His eyes flared and he started thrusting into her harder. The sound of their bodies joining was wetly loud – echoing in the big space of their living room – and his fingers were digging into her thighs hard enough to bruise her, however temporarily.

He glanced down between them, watched their frantic joining, and when he looked up, she saw the wolf flash across his eyes, his teeth bared. She gasped in shock and her orgasm hit her like a starburst of heat, the knot coming undone and her with it. She knew she made a loud, raw sound and in response Bran shoved her thighs further up, his body connecting powerfully with hers as she clenched down around him, as he wrought more noises from her with every punishing thrust. She saw the moment he came, his mouth forming a shout. He yanked her painfully tighter against him with each pulse of his orgasm, as if he was trying to climb inside of her, and her legs and thighs were trembling, trying to manifest the strength to keep her grip on him as he finished inside her. 

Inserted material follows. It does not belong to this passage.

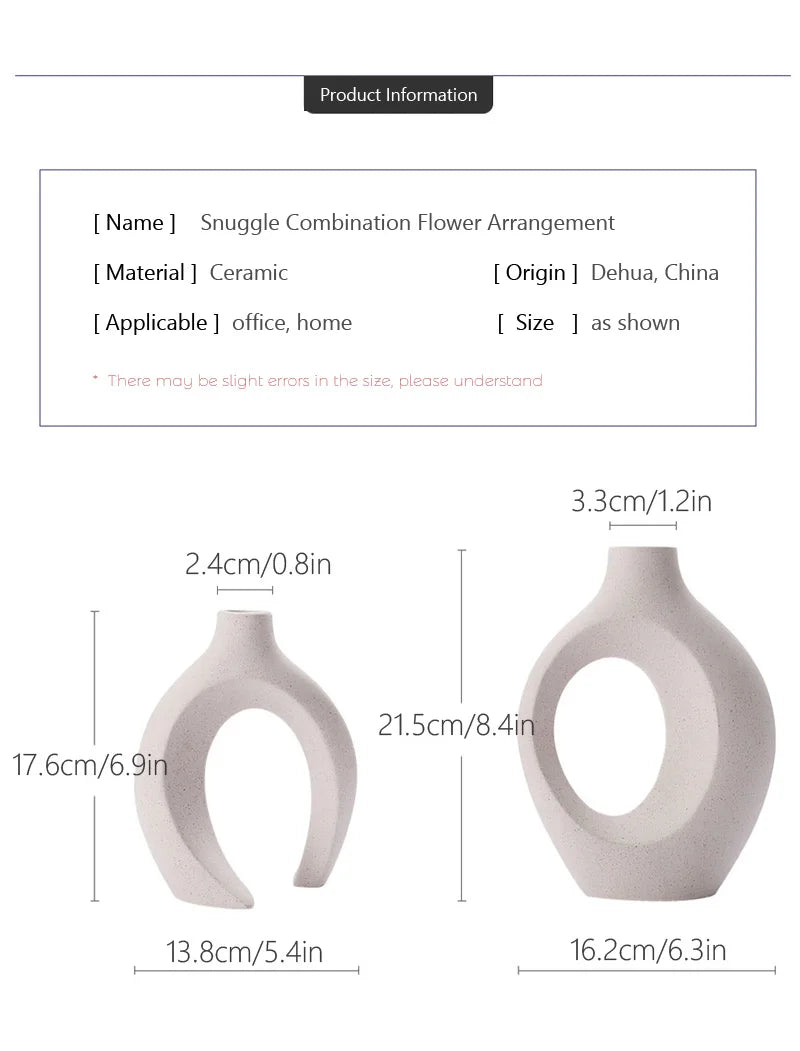 DecorBites™ Large 21cm CAPIRON Ceramic Vase Home Decor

When his hold on her gentled, she dropped her head onto his shoulder, her legs dangling, still pinned to the banisters by his hips. Periodically, he twitched and she trembled in response, still clenching around him.

For a moment, all was quiet. He breathed into her neck, his heart rate slowing. Then he lifted his head. Quickly, she covered his mouth. “Don’t say something horrible,” she instructed.

“I wasn’t,” Bran said, lips moving against her hand. It sounded a little like it was a lie. She would never know.

Leah let go of the banister with her other hand and wrapped her arms around his neck. “All right. You can put me down.”

Bran did so, also slipping from her. He wasn’t entirely steady, she thought smugly because it took him a moment to step back and bend down to pull up his jeans. This was the second time they’d done this that his pants had never come off fully, she thought. They used to always undress first.

She smoothed her gown and robe down. Somehow without her noticing, he’d managed to pull most of her hair out of her topknot. She caught a glimpse of herself in the hall mirror. Yes, she certainly looked like she had been fucked against their staircase.

“Well, have a lovely trip,” she announced, when the silence seemed to go on for too long.

Bran, despite himself and the awkwardness of the moment, exhaled a laugh. “I sincerely doubt it.”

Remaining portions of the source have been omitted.